Issue opening jls2 file with Joulescope v0.9.11

Hi
I have recorded a jls file using pyjoulescope_examples\capture.py. I have recorded for 3930s. I have two recordings, one I can open, one I cannot open, see picture for output.

=====
QApplication: invalid style override 'adwaita' passed, ignoring it.
	Available styles: Windows, Fusion
WARNING:2022-05-04 09:46:17,385:raw.c:121:pyjls.c:file header length 0, not closed gracefully
ERROR:2022-05-04 09:46:17,386:main.py:859:joulescope_ui.main:while opening device
Traceback (most recent call last):
  File "/home/nitdrbill/miniconda3/lib/python3.10/site-packages/joulescope_ui/main.py", line 857, in _device_open
    self._device.open(self.resync_handler('device_event'))
  File "/home/nitdrbill/miniconda3/lib/python3.10/site-packages/joulescope_ui/recording_viewer_device_v2.py", line 527, in open
    self._open()
  File "/home/nitdrbill/miniconda3/lib/python3.10/site-packages/joulescope_ui/recording_viewer_device_v2.py", line 503, in _open
    self._reader = Reader(self._filename)
  File "pyjls\binding.pyx", line 370, in pyjls.binding.Reader.__init__
RuntimeError: open failed 9

What else can I provide/test, I expect a file inconsistency, how can I check if a file has a correct suffix/ending(not filename extension)?

Hi @lukGWF - sorry to hear that one of your JLS v2 files is having issues.
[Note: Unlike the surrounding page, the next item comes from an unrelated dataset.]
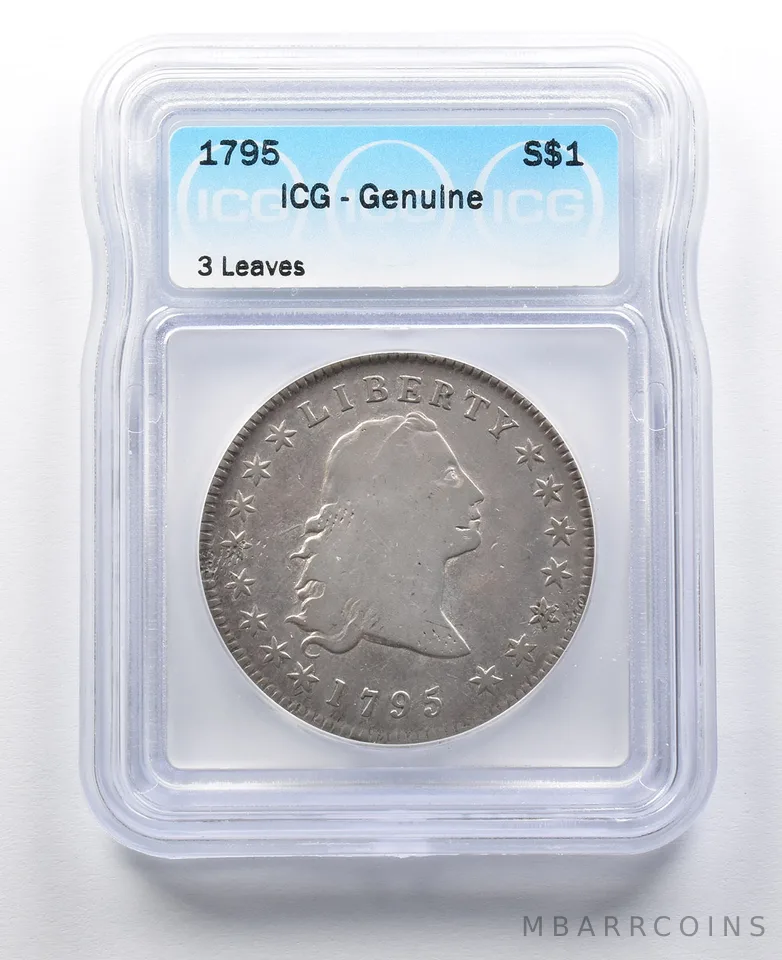 1795 Flowing Hair Silver Dollar 3 Leaves ICG a2061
The WARNING on the second line tells the story: file header length 0, not closed gracefully. This means that the capture exited without calling close on the JLS v2 file.
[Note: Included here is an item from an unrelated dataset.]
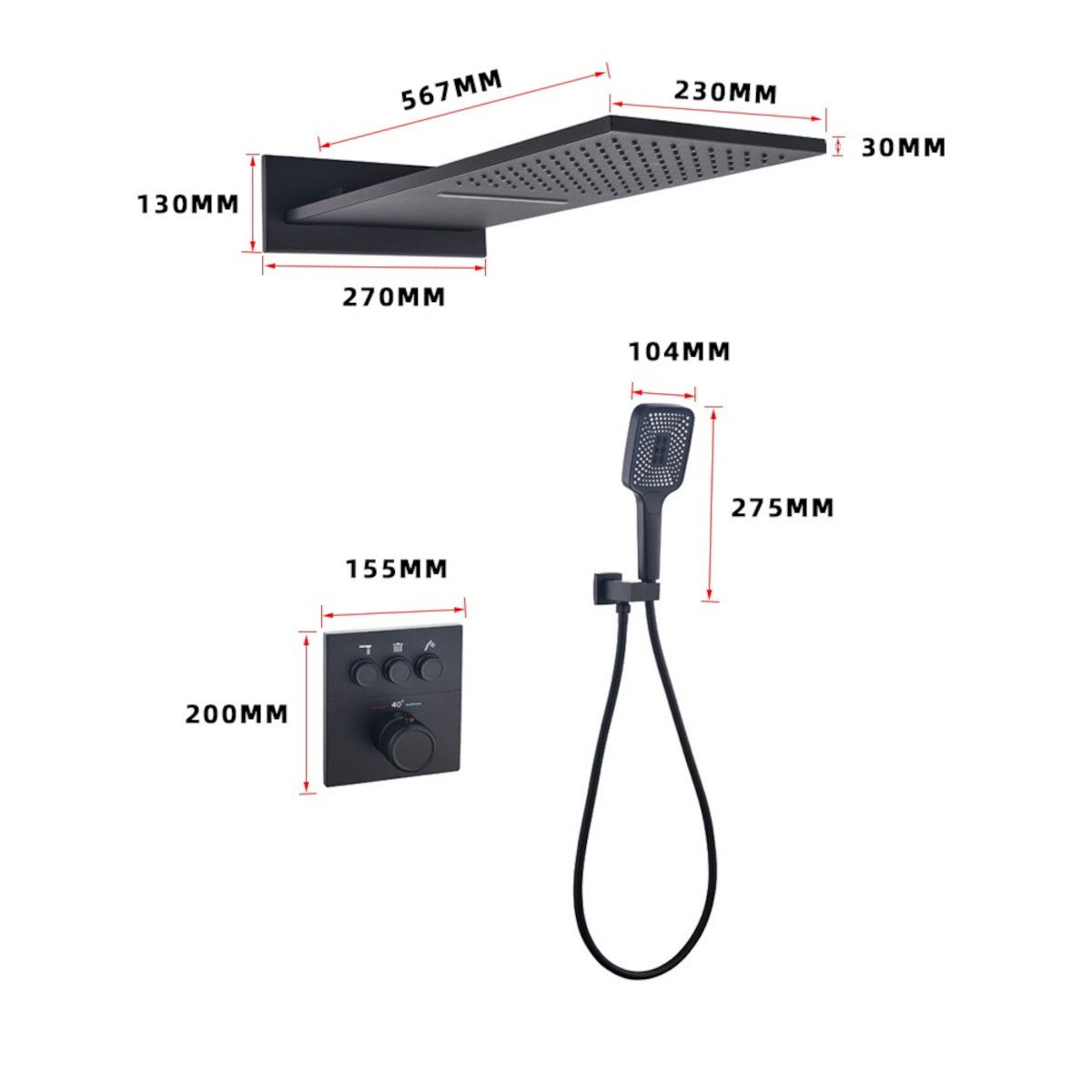 Sistem dus, dus tip ploaie si cascada cu montaj pe perete, baterie incastrata cu termostat, Auriu Mat, Gitano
The JLS v2 file does contain all of the data. However, when not closed properly, the writer does not add the final indices. The last writer step updates the length, which makes it very easy to detect this condition. The reader is not yet able to perform recovery for this condition. See Reliability under Features. All the information is there in the JLS v2 file, we just have not yet written the software to make it happen.

For today, is it easy for you to rerun this capture? If not, I can try to implement a recovery method sooner rather than later, but it will still be at least a few days before something is ready.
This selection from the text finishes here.